Johannes Hüppi

Museum Museum

Mar 27th – May 19th, 2018

Pop 1 (Hockney, Rosenquist, Wesselmann)

Pop 1 (Hockney, Rosenquist, Wesselmann), 2017

Oil on cardboard

24,1 x 32 cm

The subtle, figurative paintings by Johannes Hüppi (*1965 Baden-Baden) captivate the viewer through a visual language that so fervently acknowledges its underlying fantasies. The presented series of works Museum Museum finds its stage in Hüppis very personal Musée imaginaire. Within a sensual presence of untouchable innocence his female nudes stroll through the secret inner world of museum interiors trying to allure the beholder into the realm of the artistic masterpieces’ dreamy or nightmarish narratives.
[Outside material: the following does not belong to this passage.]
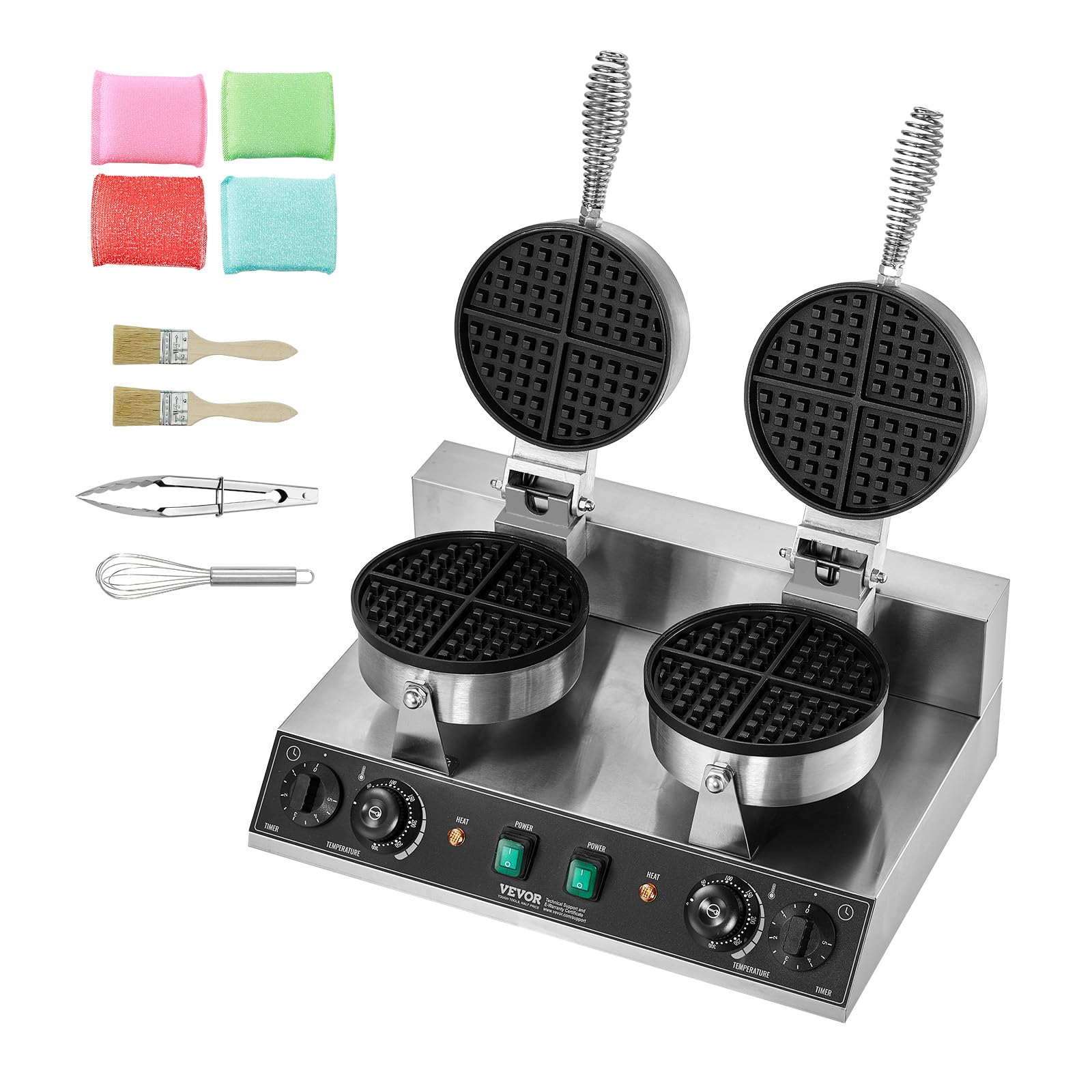 VEVOR Gaufrier Commercial 2460 W, Appareil à Gaufre Ronde à Double Tête, en Acier Inoxydable, Antiadhésif, avec Contrôle de la Température et du Temps, pour Restaurant Boulangerie Snack Bar Famille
What happens when Hüppi’s nudes come across the paintings they formally arose from?
Hand-Joachim Müller: “All of the many bathing women ambushed by painters over the centuries in secluded forest glades, these desired girls, as Wagner put it, of which the great Cézanne almost despaired, the shameless playmates with fishtails, and bashful Venus; all of these nude roles with their established scripts, which the masculine history of art has canonize,⎯have always populated the conceptual imago from which Johannes Hüppi has developed his very own dramatic production.[…]
It is at the very moment of such a confrontation, in the peculiar resistant interrelationship between stage and setting, that the essential meaning of Hüppi’s play becomes clear. In the artist’s work, despite all of the naughty allusions it presumes, nudity is always simultaneously an exploration of the history of painting, with its male perspective, with the liberties that are inherent in the male perspective, and the restrictions imposed upon it in exchange for this, with that which is permissible and that which remains forbidden, with that which may be seen, and with that which must be concealed. It is this grandiose history of painting that in an act of cultural sublimation has transformed the burdened nude images into images of vindication, which liberate the desiring eye from having to incessantly grapple with its desire and to be reminded, constantly newly provoked, of the impudence of its craving to see.”
Johannes Hüppi studies at the Academy of Arts in Düsseldorf, lectured at the Academy of Fine Arts in Braunschweig as well as at the Universidad de las Américas (UDLA) in Puebla in Mexico. His works are part of various private and public collections in Germany and in Switzerland.